Wheels are incorrect, reproduction speedometer drive ring, reproduction head badge, poor quality reproduction fender ornament, reproduction headlight lenses one plastic one glass, reproduction stem with no bolt or wedge. Restored seat, front fender converted from a Robin by Dean. Including a 40’s era automotive speedometer cable and housing that may be able to be converted by adapting the bicycle thread on collars. No bars, no grips. Pedals are mostly reproduction parts. Original speedo, original light/horn buttons. Original horn. Original kickstand. Quality metal work on the tank and fenders. More bits as shown. 
 Would prefer pick up, but will ship for $250.


----------



## PlasticNerd

Wow, it’s a great start to a beautiful bike! Glwts


----------



## detroitbike

1475


----------



## ninolecoast

1575


----------



## detroitbike

1666


----------



## ninolecoast

1750


----------



## poolboy1

$2000.00


----------



## Rust_Trader

$2100


----------



## detroitbike

2666


----------



## poolboy1

2500.00


----------



## poolboy1

3000.00


----------



## catfish

$4000.00


----------



## poolboy1

5000.00


----------



## catfish

$5200.00


----------



## poolboy1

5500.00


----------



## catfish

$5600.00


----------



## poolboy1

$5700.00


----------



## onecatahula




----------



## Mark Mattei

onecatahula said:


> View attachment 1566081



A box of regular popcorn ain’t cuttin it. Now if it had been cheese corn…


----------



## poolboy1

Mark Mattei said:


> A box of regular popcorn ain’t cuttin it. Now if it had been cheese corn…

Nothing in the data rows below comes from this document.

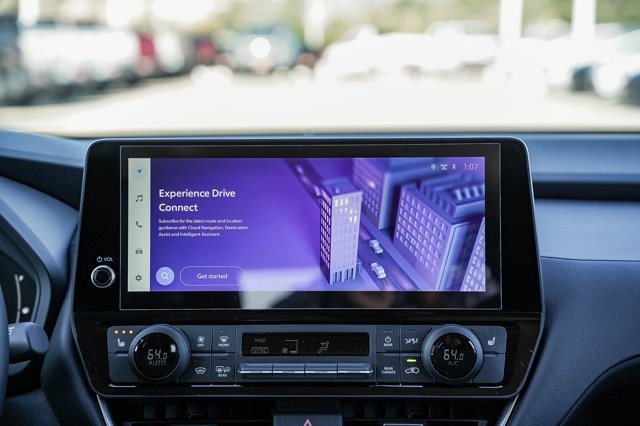 new 2026 Toyota Grand Highlander car, priced at $50,101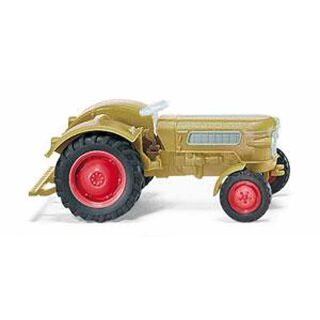 089903 Wiking 1:87 Fendt Farmer 2 Jubiläumsmodell gold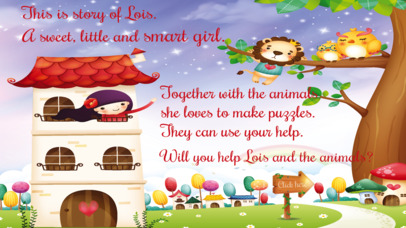 Toddlerfun-Lois on adventure screenshot 2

Do we have a deal @ $5700.00?


----------



## catfish

$5750.00


----------



## poolboy1

$6000.00


----------



## BFGforme

Wow just got a fresh beer and more popcorn


----------



## Junkman Bob

And Pretzels ……


----------



## Maskadeo

I’m thinking it’s got a ways to go, so I’ll be enjoying this as well!


----------



## bobcycles

Note to the winner:   I have a correct set of wheels for the bike if you need to source
them...with Morrow w/center bump.  Reasonable... for restoration
One less thing to hunt down


----------



## poolboy1

Best and final for me $6500.00 IMO bike is not worth more. Would be perfect for what i need it for. Restore to look original this would not be the bike IMO.


----------



## toyman

2700


----------



## SJ_BIKER




----------



## BFGforme

toyman said:


> 2700



Way out bid by many hours….


----------



## Robertriley

I will throw an extra fifty bucks and just to see what Ethan would do with it


----------



## poolboy1

Robertriley said:


> I will throw an extra fifty bucks and just to see what Ethan would do with it



K...... $7000.00


----------



## Robertriley

poolboy1 said:


> K...... $7000.00



I said $50 not. $500.


----------



## poolboy1

Best and final $7000.00 Thanks Chris....LOL


----------



## toyman

BFGforme said:


> Way out bid by many hours….



I saw that when I looked at the second page


----------



## Mark Mattei

Hi everybody, thanks for your offers and participation, it was fun. 9 grand is the number.


----------



## sm2501

Per the rules of classified section, comments are not welcomed. This is deal or no deal, pure and simple. Either bid or move on. If you have comments, send a private message to the seller.


----------